Instructions for the task: Beginning with the line that contains "Freni Industriali 2025-2026-3" in the material below, print each line exactly until the line that contains "Immigrants from Cambodia" has been printed, then stop.

Data for this exercise:
——————

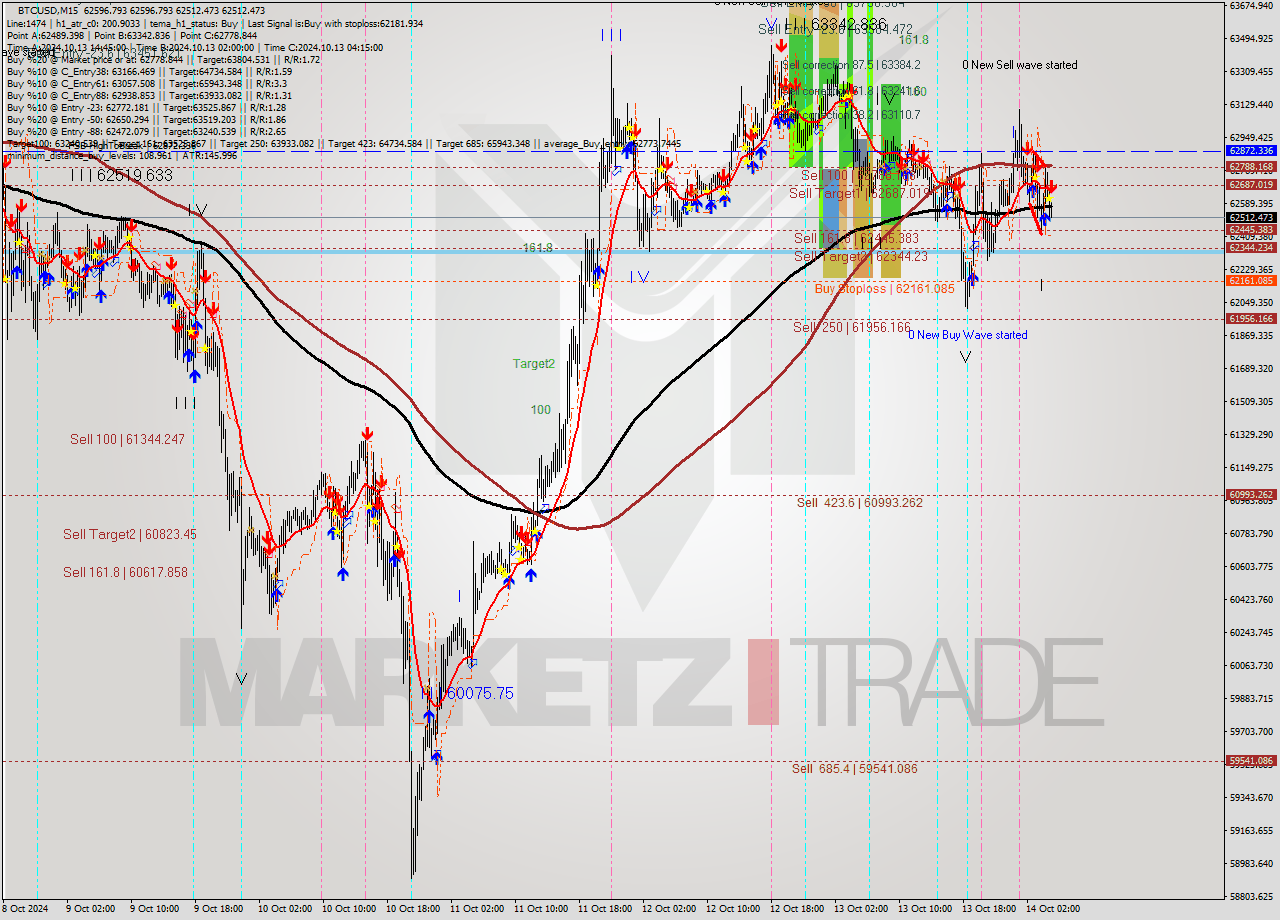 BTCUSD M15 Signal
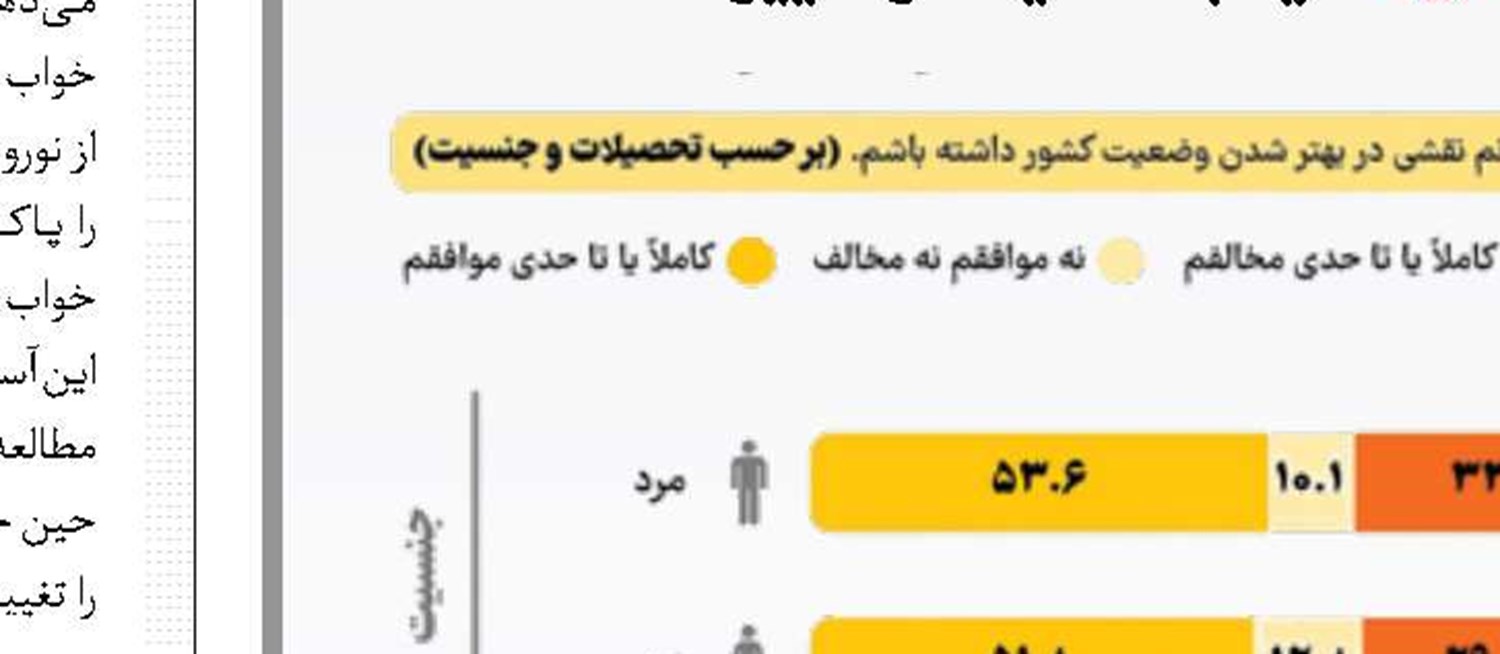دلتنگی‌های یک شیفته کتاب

——————

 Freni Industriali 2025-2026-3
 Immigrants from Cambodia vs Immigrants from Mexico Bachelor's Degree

——————

Solution for this task:
 Freni Industriali 2025-2026-3
 Immigrants from Cambodia vs Immigrants from Mexico Bachelor's Degree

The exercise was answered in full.